Berdasarkan keempat contoh karikatur yang memiliki kadar nilai rasa
marah di atas, dapat disimpulkan bahwa karikatur yang bernilai rasa marah selalu merupakan bentuk tuturan yang tidak santun. Karikatur yang bernilai
rasa marah dapat dimunculkan melalui rasa kecewa, sebal, dan kesal. Unsur intralingual yang dimunculkan nilai rasa marah ialah kalimat, khususnya kalimat
berupa kritikan langsung. Penggunaan unsur intralingual berupa kalimat kritikan langsung inilah yang digunakan untuk memunculkan nilai rasa marah yang tidak
santun. Misalnya pada kalimat : Itu namanya mencuri tahu Bisa dihukum berat nanti pada NR.KKT,2112014 merupakan kritikan berupa tuduhan yang
disampaikan atas dasar kecurigaan penutur kepada mitra tutur. Kritikan langsung tersebut ditujukan bagi nelayan asing yang mencuri ikan di laut Indonesia.
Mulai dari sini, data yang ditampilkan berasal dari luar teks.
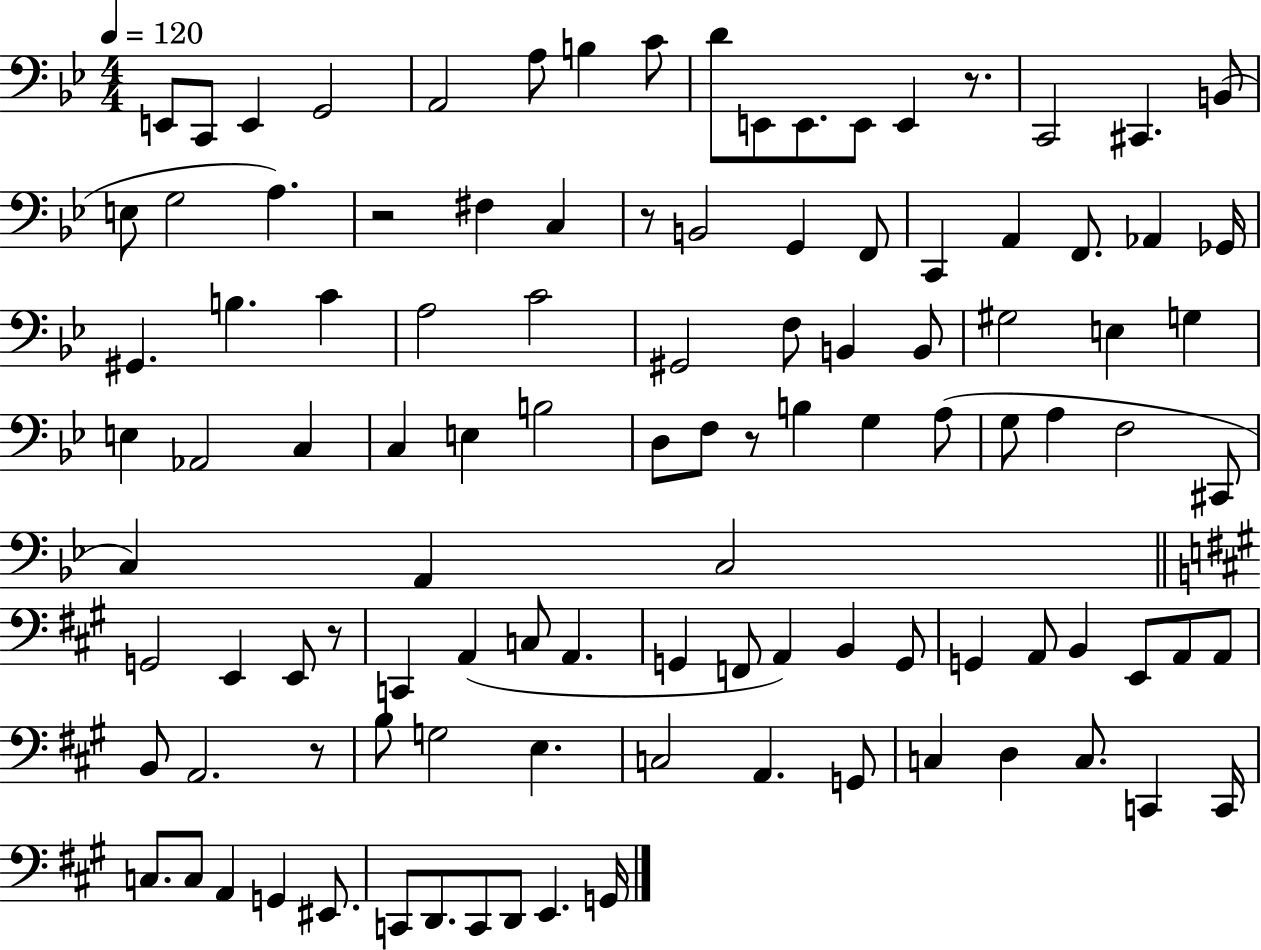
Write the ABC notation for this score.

X:1
T:Untitled
M:4/4
L:1/4
K:Bb
E,,/2 C,,/2 E,, G,,2 A,,2 A,/2 B, C/2 D/2 E,,/2 E,,/2 E,,/2 E,, z/2 C,,2 ^C,, B,,/2 E,/2 G,2 A, z2 ^F, C, z/2 B,,2 G,, F,,/2 C,, A,, F,,/2 _A,, _G,,/4 ^G,, B, C A,2 C2 ^G,,2 F,/2 B,, B,,/2 ^G,2 E, G, E, _A,,2 C, C, E, B,2 D,/2 F,/2 z/2 B, G, A,/2 G,/2 A, F,2 ^C,,/2 C, A,, C,2 G,,2 E,, E,,/2 z/2 C,, A,, C,/2 A,, G,, F,,/2 A,, B,, G,,/2 G,, A,,/2 B,, E,,/2 A,,/2 A,,/2 B,,/2 A,,2 z/2 B,/2 G,2 E, C,2 A,, G,,/2 C, D, C,/2 C,, C,,/4 C,/2 C,/2 A,, G,, ^E,,/2 C,,/2 D,,/2 C,,/2 D,,/2 E,, G,,/4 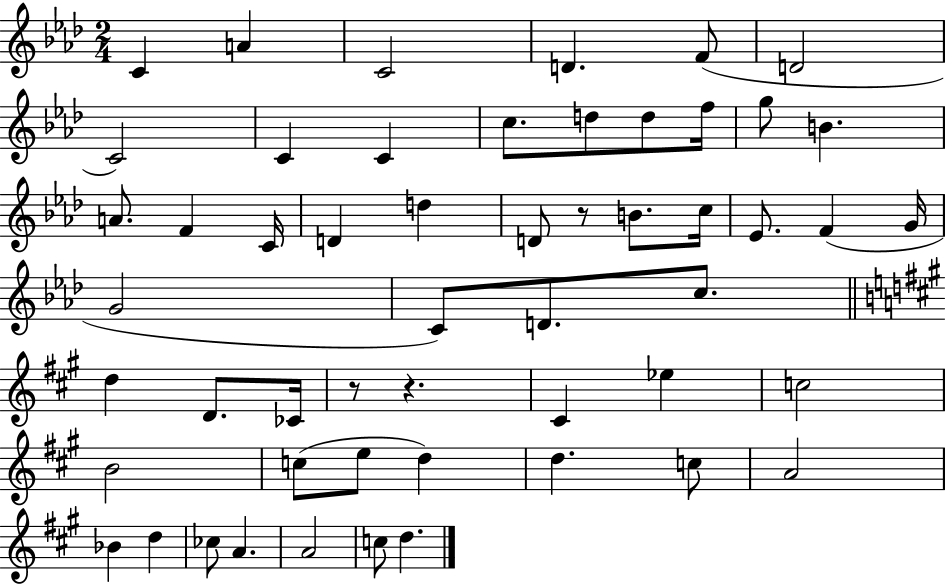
{
  \clef treble
  \numericTimeSignature
  \time 2/4
  \key aes \major
  c'4 a'4 | c'2 | d'4. f'8( | d'2 | \break c'2) | c'4 c'4 | c''8. d''8 d''8 f''16 | g''8 b'4. | \break a'8. f'4 c'16 | d'4 d''4 | d'8 r8 b'8. c''16 | ees'8. f'4( g'16 | \break g'2 | c'8) d'8. c''8. | \bar "||" \break \key a \major d''4 d'8. ces'16 | r8 r4. | cis'4 ees''4 | c''2 | \break b'2 | c''8( e''8 d''4) | d''4. c''8 | a'2 | \break bes'4 d''4 | ces''8 a'4. | a'2 | c''8 d''4. | \break \bar "|."
} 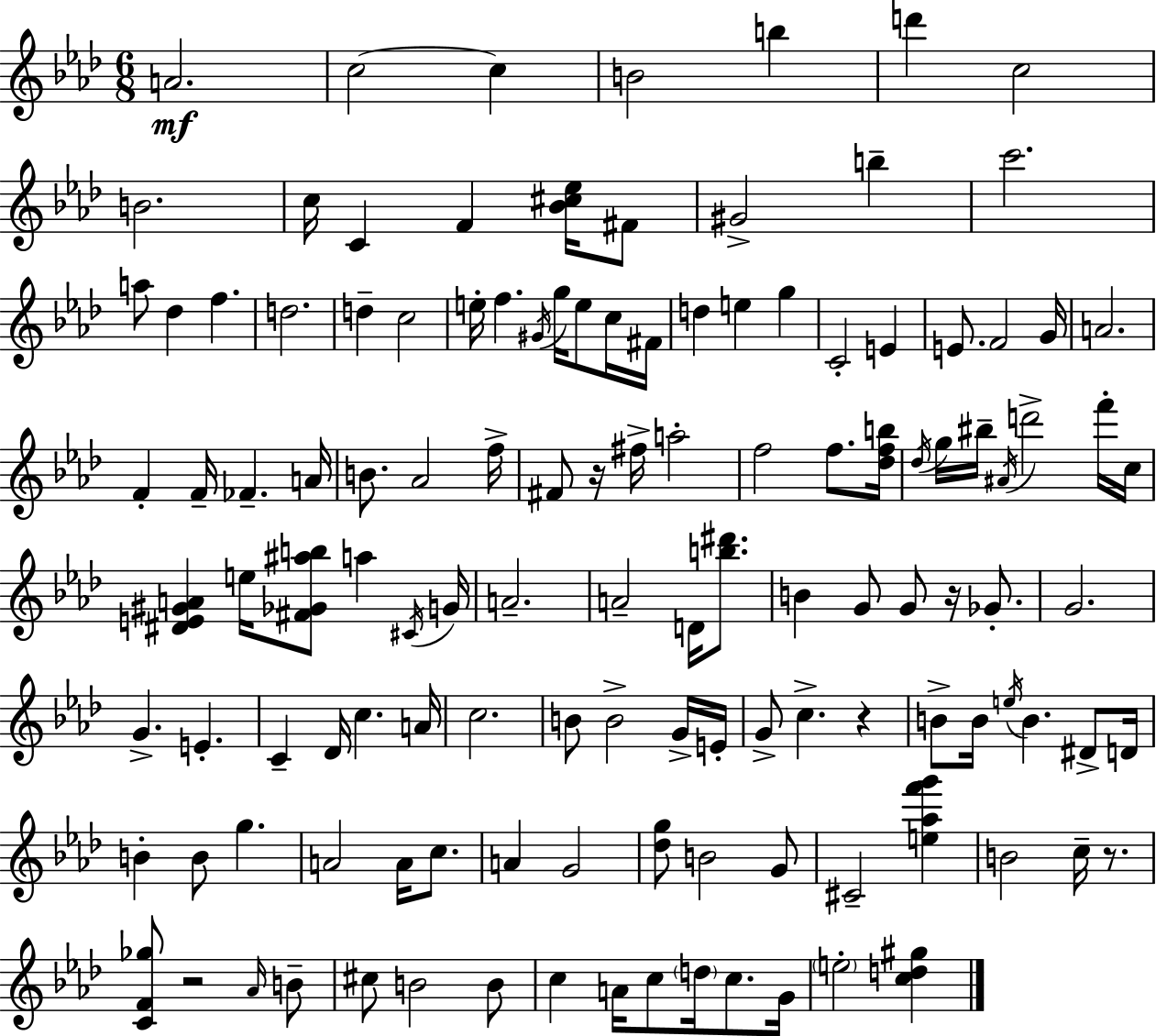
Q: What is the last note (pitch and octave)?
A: E5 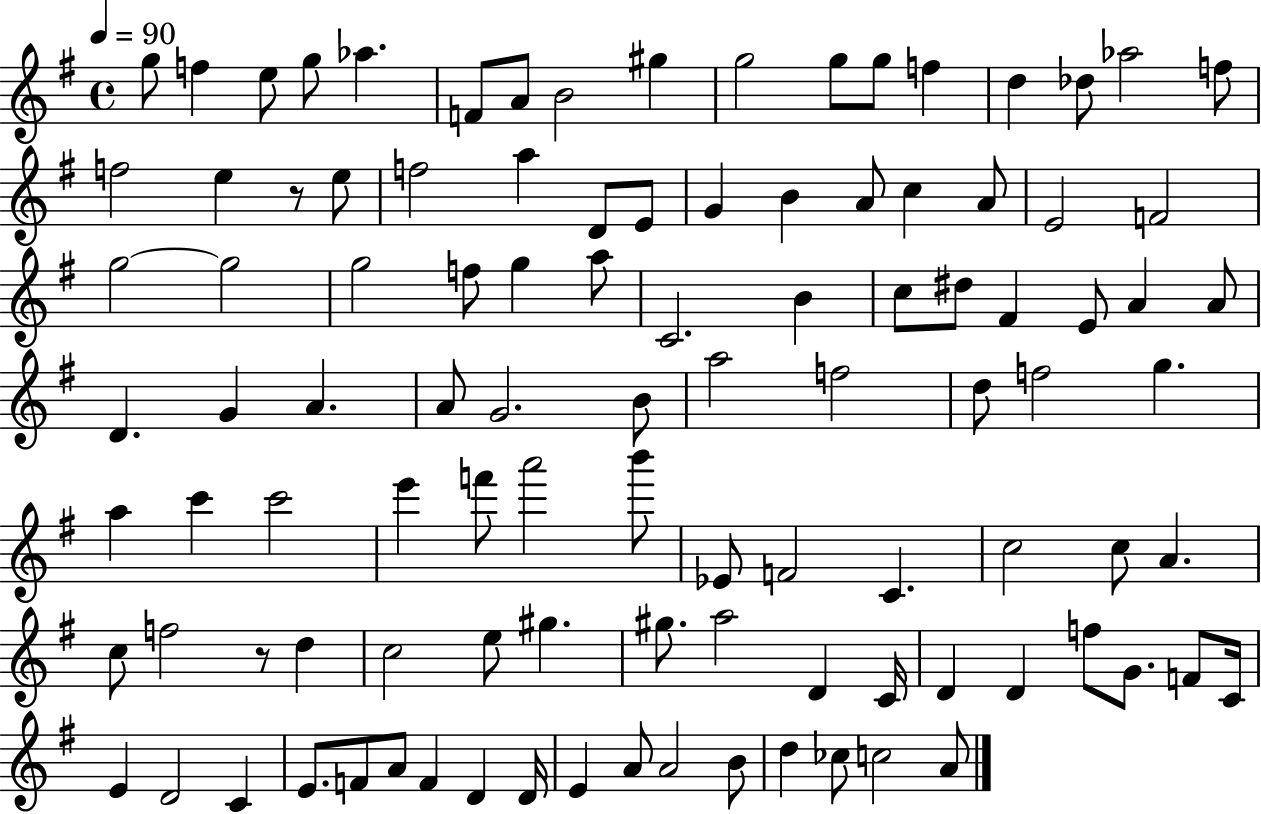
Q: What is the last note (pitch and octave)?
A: A4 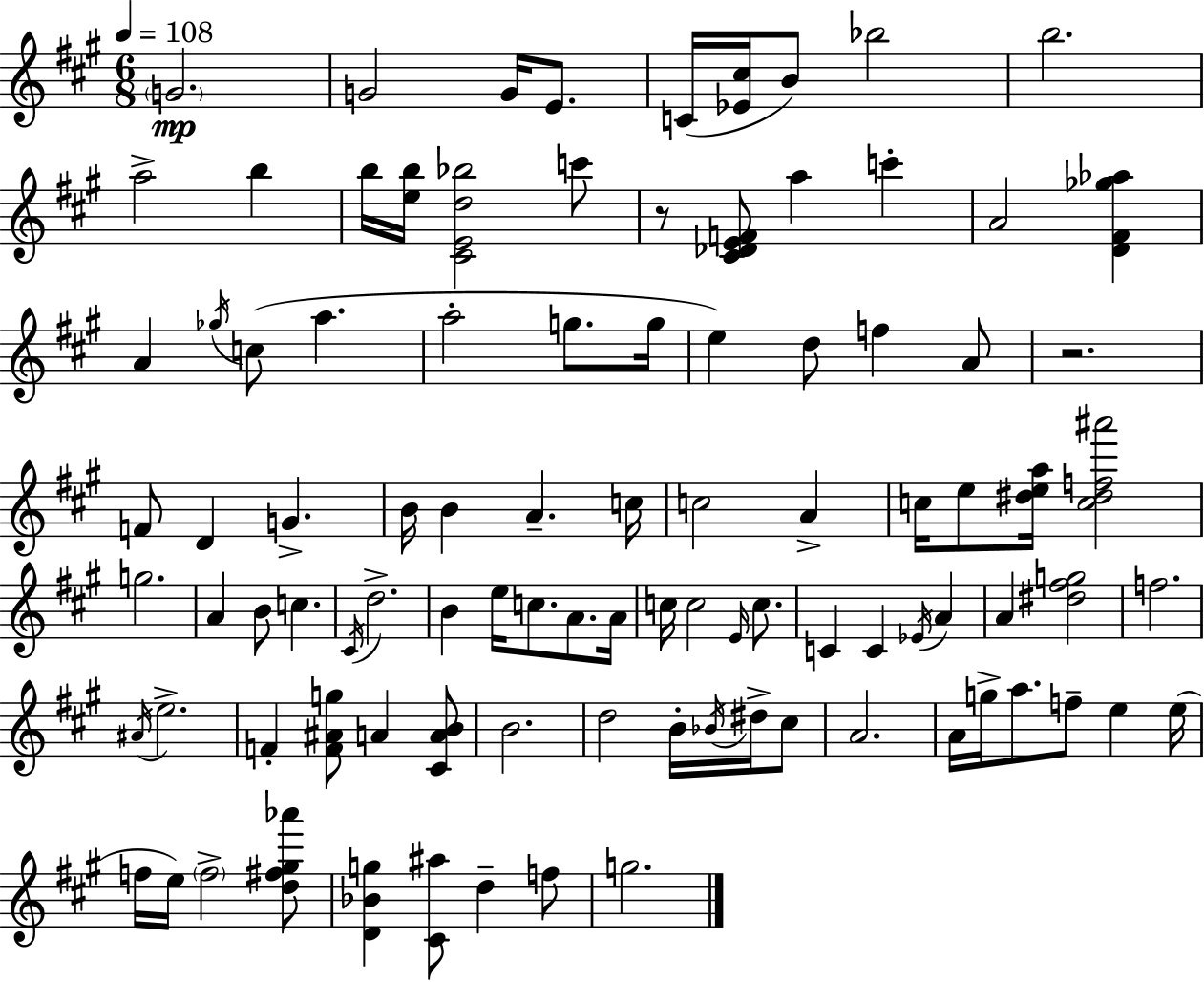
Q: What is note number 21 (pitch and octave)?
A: G5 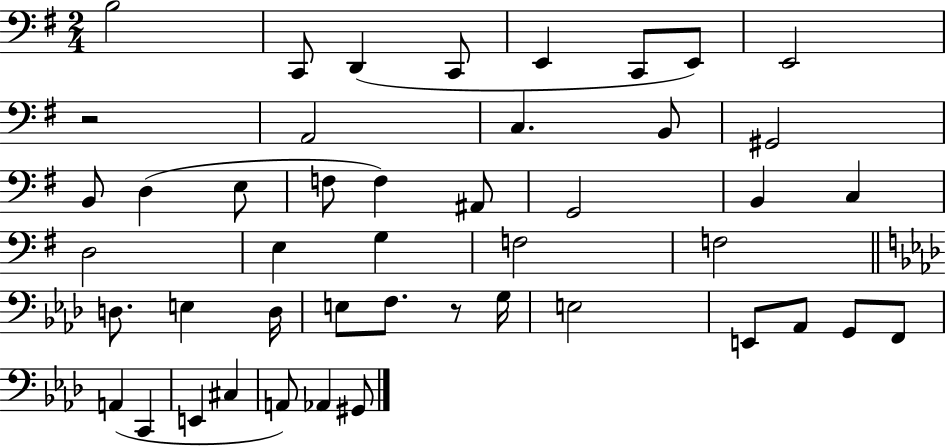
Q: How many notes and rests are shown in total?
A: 46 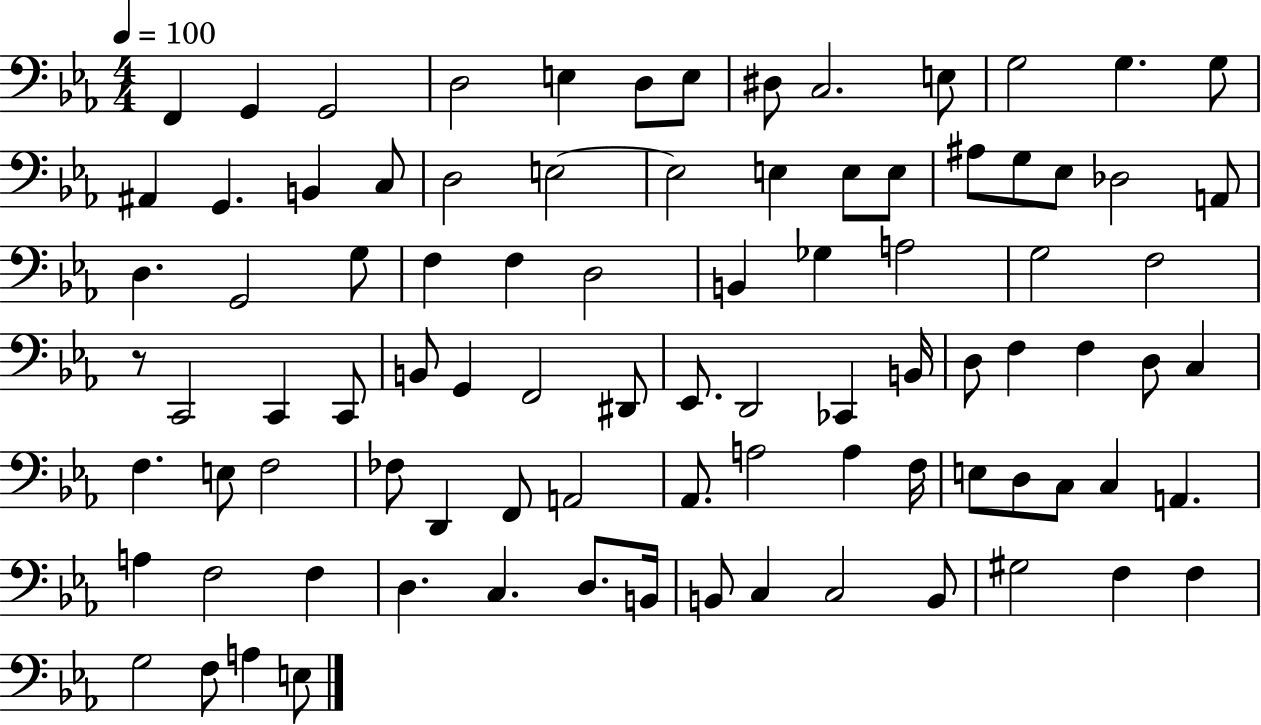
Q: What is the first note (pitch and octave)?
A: F2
Unsur
ekstralingual yang bernilai rasa marah juga dapat dilihat melalui ekspresi wajah yang
ditunjukkan. Misalnya
dengan berteriak
sambil melotot
NR.KKT,1409014, dengan mengerutkan dahinya sambil meletakkan jari telunjuk di pipinya dan menggigit-gigit giginya NR.KKT,0211014.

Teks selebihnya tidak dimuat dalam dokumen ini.